Un chien nommé Bouboule.

 

Vous devez vous dire que vient faire une histoire de chien au milieu d'anecdotes ferroviaires ? Patience...

A Laventie, aux vacances de Pâques 1958, nous étions une bande de gamins à jouer dans la cour de la gare... Un jour, apparut devant nos yeux, un magnifique chien, celui du notaire, un airedale nommé Eros* : nous le connaissions, car malgré la noblesse de ses allures, c'était un vagabond qui usait avce abondancede sa liberté. Le thème du jeu fut vite trouvé, nous allions l'attraper ! Avec la participation active du chien, la poursuite commença... Mais Eros en déambulant dans les ultimes recoins de la cour de marchandises, nous débusqua quelque chose de bien plus intéressant : une pauvre bête sale, peureuse et farouche, un chien perdu ! Nous oubliâmes bien vite l'airedale qui n'en fut pas mécontent, et concentrâmes notre chasse sur ce chien : c'était un chien coupé de caniche et de griffon; des poils blancs un peu laineux qui poussaient continuellement, de taille moyenne, un oeil intelligent derrière les poils blancs.
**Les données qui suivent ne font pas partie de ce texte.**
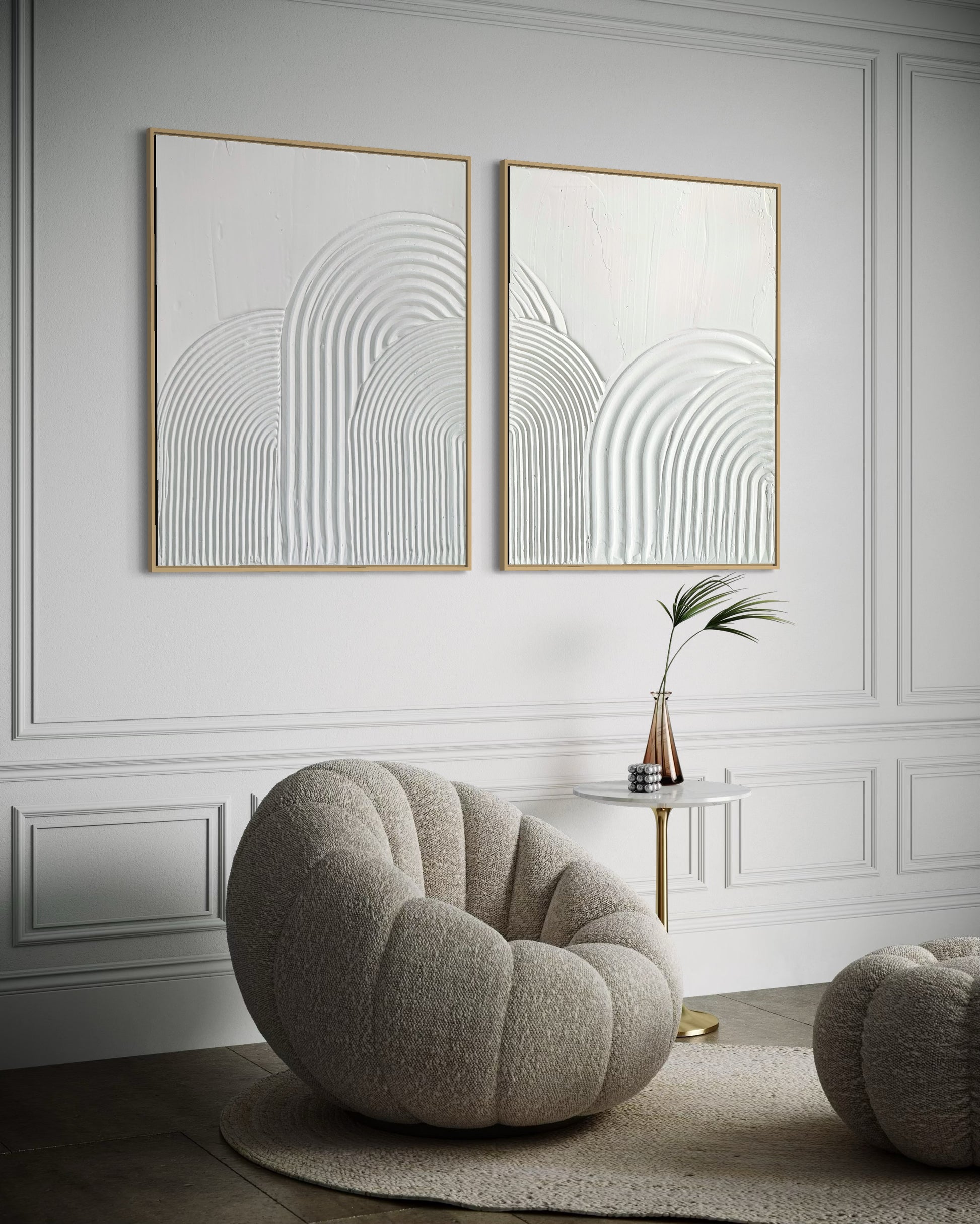 Modern interior with a round gray chair, small table, and abstract minimalist wall art set of 2 in white 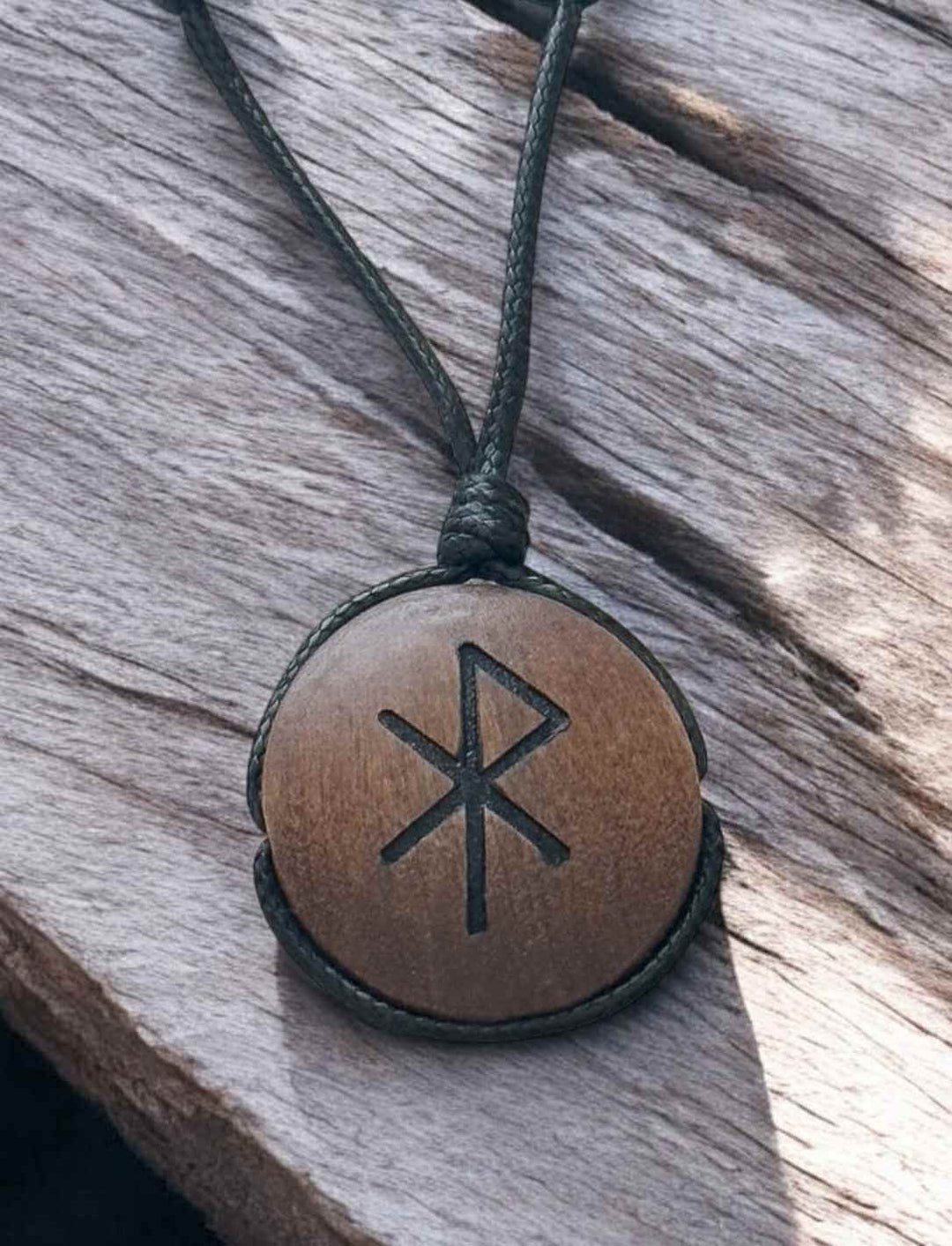 Binderune für Liebe, Holz-Amulett mit eingraviertem Symbol, Nahaufnahme auf Holz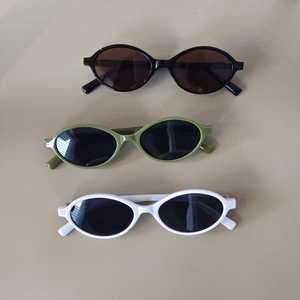 Kids narrow oval sunglasses in black, avocado green, and white stylish plastic frames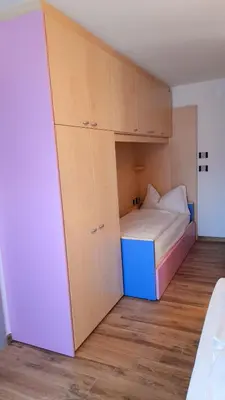 a small bedroom with a bed and cabinets at Vacanze Arcobaleno in Predazzo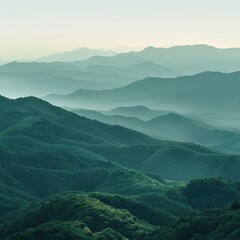 Fototapeta premium Misty green mountain range at dawn; scenic vista, peaceful landscape; nature background, travel poster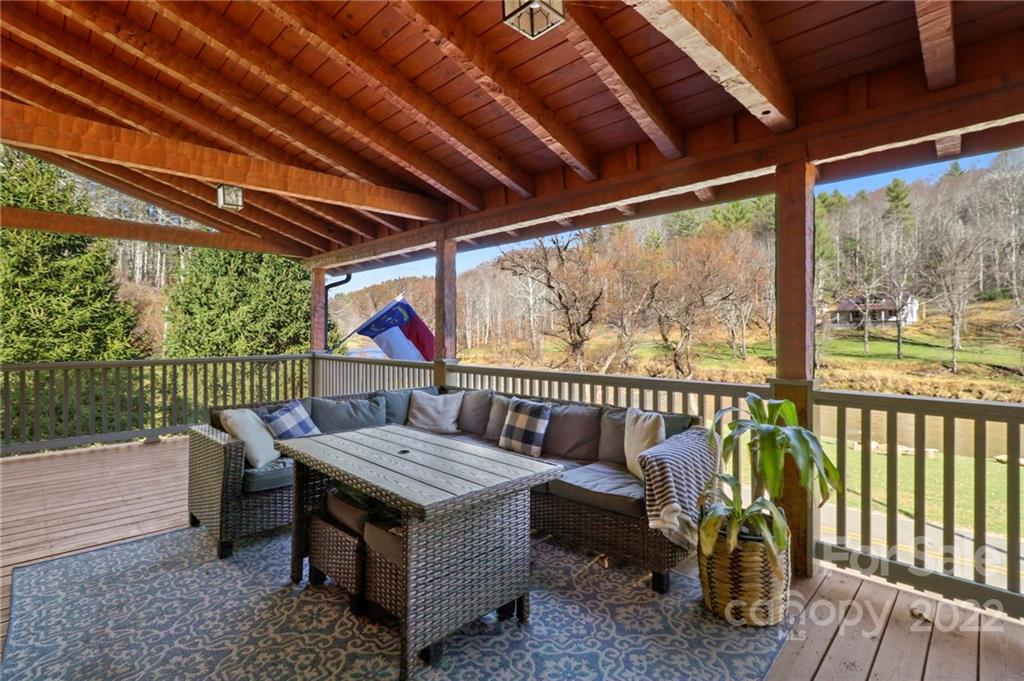 431 Silas Creek Road, Unit 4 Lansing, NC 28643 - Photo 3 of 46 a view of a wooden deck with furniture and wooden floor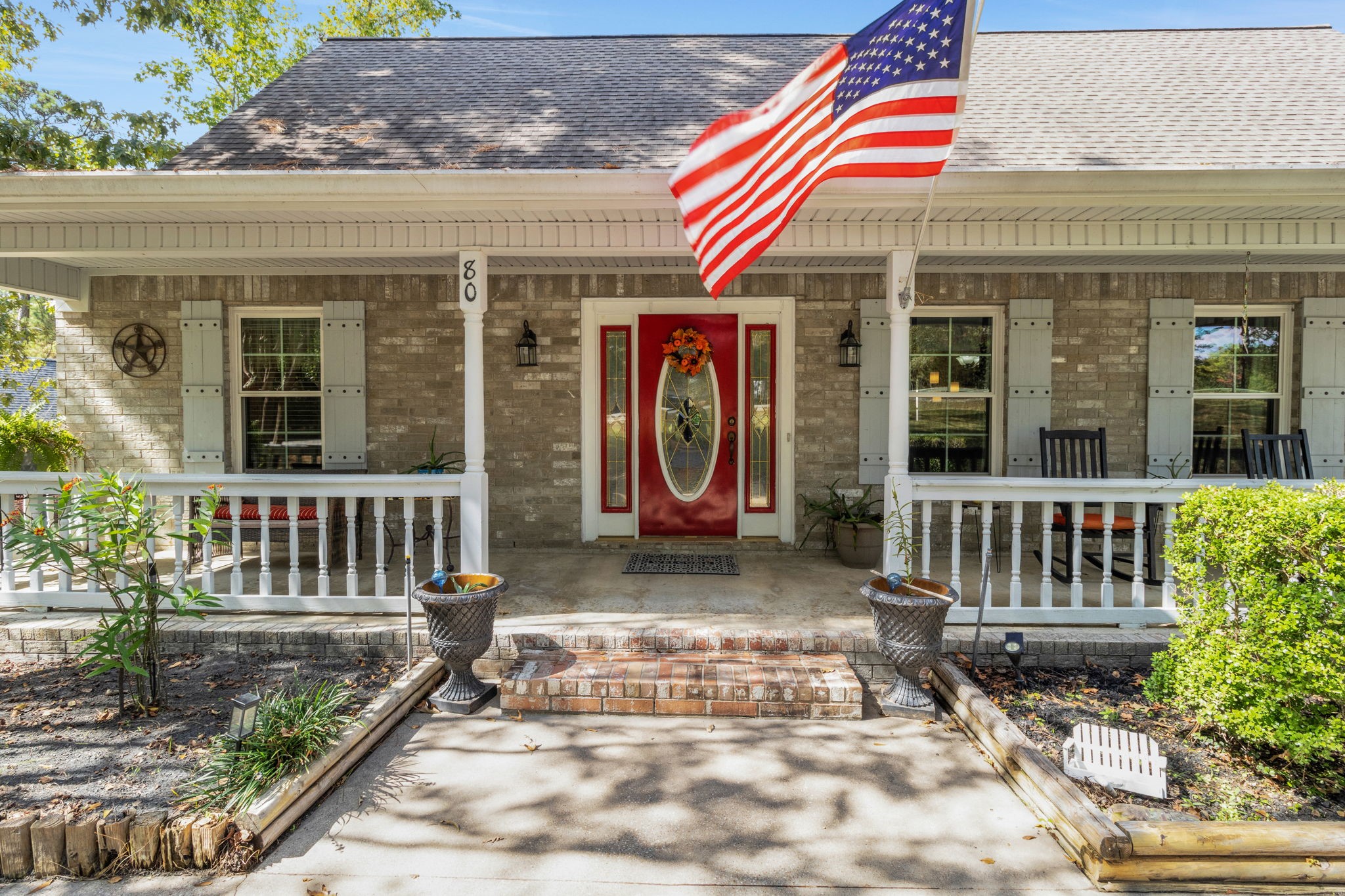 80 Lake Grove Drive Coldspring, TX 77331 - Photo 41 of 50 a view of a house with entrance gate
Pour le moment, nous l'avions coincé sur le fumier de la ferme Fleury et il n'en menait pas large... Mais comme tout chien perdu, dès qu'il fut rassuré sur nos intentions, il nous suivit sans rechigner...

Le personnel de la gare nous renseigna tout de suite : Nénesse l'homme d'équipe l'avait libéré d'un wagon tombereau où il était enfermé (il y hurlait son désespoir)... L'équipe de la 040D de Délivrance qui faisait le train de desserte chaque jour de la semaine connaissait ce chien : il venait d'un passage à niveau du côté de Merville; le propriétaire avait du s'en débarrasser au passage du train en le lancant dans le wagon ou l'y avait enfermé en gare de Merville!!! Scandalisée par cette histoire, la famille scella le sort du chien : il resterait chez nous. A cette occasion, les histoires de chien et de train ont circulé; la plus horrible racontée par l'équipe de la loco : un chef de gare d'une petite gare d'une autre ligne avait profité de la pause de l'équipe pour se débarrasser de son vieux chien malade : il l'avait jeté dans le foyer de la locomotive !!!!!!!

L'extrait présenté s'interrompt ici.